I'm trying to scrape lyrics from The Original Hip Hop Lyrics Archive.
I've managed to write a spider that scrapes the lyrics of an artist if I release it on the artist page such as this: http://www.ohhla.com/anonymous/aesoprck/.
but when I release it on this page with links to different artist pages http://www.ohhla.com/all.html I get nothing.
This is the rule that I'm trying to use to follow the links to artist pages:
Rule(LinkExtractor(restrict_xpaths=('//pre/a/@href',)), follow= True)
and this is the rule I'm trying to use to follow the links to different pages with links to the artist pages:
Rule(LinkExtractor(restrict_xpaths=('//h3/a/@href',)), follow= True)
I modified the tutorial in Scrapy to get this to work since for some reason it didn't work when I started a new project.

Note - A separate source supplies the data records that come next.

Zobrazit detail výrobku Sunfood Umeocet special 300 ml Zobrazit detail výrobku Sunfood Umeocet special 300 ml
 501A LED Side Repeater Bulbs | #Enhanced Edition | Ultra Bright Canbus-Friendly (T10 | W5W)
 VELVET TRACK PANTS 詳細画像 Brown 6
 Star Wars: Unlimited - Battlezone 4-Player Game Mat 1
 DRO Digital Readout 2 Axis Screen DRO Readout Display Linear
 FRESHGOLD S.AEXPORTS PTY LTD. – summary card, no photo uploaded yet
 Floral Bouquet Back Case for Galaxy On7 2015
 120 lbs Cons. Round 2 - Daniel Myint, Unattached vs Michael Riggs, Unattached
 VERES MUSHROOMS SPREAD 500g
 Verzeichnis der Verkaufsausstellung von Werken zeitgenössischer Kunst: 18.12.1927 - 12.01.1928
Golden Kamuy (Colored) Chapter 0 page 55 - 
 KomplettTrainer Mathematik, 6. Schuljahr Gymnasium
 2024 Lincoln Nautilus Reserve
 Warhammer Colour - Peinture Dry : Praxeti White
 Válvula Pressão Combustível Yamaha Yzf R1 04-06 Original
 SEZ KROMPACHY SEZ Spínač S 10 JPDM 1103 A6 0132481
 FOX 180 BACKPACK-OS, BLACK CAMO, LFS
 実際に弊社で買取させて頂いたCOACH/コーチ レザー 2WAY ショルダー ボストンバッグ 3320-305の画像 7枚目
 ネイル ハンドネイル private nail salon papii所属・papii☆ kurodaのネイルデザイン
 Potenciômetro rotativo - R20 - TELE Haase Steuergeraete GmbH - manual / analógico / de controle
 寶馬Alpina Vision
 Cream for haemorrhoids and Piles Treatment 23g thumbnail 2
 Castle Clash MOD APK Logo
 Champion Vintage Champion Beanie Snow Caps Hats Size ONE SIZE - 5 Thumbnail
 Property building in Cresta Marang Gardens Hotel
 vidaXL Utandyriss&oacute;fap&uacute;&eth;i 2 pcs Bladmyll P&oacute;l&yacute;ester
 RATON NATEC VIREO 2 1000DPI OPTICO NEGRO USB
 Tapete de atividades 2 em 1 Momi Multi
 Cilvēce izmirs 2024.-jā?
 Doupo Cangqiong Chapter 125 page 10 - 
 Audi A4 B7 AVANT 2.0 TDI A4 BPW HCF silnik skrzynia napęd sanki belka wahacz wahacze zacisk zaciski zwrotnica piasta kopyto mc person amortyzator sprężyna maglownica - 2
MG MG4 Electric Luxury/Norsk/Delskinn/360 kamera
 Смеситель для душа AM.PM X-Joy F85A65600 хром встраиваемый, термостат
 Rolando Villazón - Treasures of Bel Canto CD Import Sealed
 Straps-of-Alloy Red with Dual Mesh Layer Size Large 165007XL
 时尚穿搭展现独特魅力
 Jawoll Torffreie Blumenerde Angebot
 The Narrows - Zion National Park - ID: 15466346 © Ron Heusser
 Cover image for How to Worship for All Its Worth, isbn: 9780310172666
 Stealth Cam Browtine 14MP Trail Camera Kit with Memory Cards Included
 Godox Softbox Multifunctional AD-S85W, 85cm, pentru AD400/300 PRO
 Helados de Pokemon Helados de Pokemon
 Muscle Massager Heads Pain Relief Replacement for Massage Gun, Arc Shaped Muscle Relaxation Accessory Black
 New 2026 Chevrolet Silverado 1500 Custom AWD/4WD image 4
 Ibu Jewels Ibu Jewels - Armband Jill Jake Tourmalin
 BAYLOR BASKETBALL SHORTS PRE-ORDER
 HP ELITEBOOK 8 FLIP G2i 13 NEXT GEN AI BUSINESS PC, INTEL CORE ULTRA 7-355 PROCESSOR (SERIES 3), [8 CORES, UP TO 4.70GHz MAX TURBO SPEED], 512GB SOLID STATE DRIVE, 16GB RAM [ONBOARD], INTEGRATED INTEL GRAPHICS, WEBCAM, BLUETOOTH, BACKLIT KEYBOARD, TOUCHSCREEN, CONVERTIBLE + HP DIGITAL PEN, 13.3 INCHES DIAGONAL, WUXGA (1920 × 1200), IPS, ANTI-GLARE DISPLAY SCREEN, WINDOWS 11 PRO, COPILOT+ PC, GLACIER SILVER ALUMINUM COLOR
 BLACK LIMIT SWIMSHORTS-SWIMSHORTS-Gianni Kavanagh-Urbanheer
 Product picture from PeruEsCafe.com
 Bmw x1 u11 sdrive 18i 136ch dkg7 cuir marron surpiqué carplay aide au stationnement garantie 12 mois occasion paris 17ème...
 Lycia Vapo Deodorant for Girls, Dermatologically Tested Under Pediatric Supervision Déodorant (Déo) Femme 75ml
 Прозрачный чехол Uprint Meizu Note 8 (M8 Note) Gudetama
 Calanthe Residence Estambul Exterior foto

Here is my complete working example of the spider:
from scrapy.contrib.spiders import CrawlSpider,Rule
from scrapy.contrib.linkextractors import LinkExtractor
class ohhlaSpider(CrawlSpider):
name = "ohhla"
download_delay = 0.5
allowed_domains = ["ohhla.com"]
start_urls = ["http://www.ohhla.com/anonymous/aesoprck/"]
rules = (Rule (LinkExtractor(restrict_xpaths=('//h3/a/@href',)), follow= True), # trying to follow links to pages with more links to artist pages
Rule (LinkExtractor(restrict_xpaths=('//pre/a/@href',)), follow= True), # trying to follow links to artist pages
Rule (LinkExtractor(deny_extensions=("txt"),restrict_xpaths=('//ul/li',)), follow= True), # succeeding in following links to album pages
Rule (LinkExtractor(restrict_xpaths=('//ul/li',)), callback="extract_text", follow= False),) # succeeding in extracting lyrics from the songs on album pages
def extract_text(self, response):
""" extract text from webpage"""
string = response.xpath('//pre/text()').extract()[0]
with open("lyrics.txt", 'wb') as f:
f.write(string)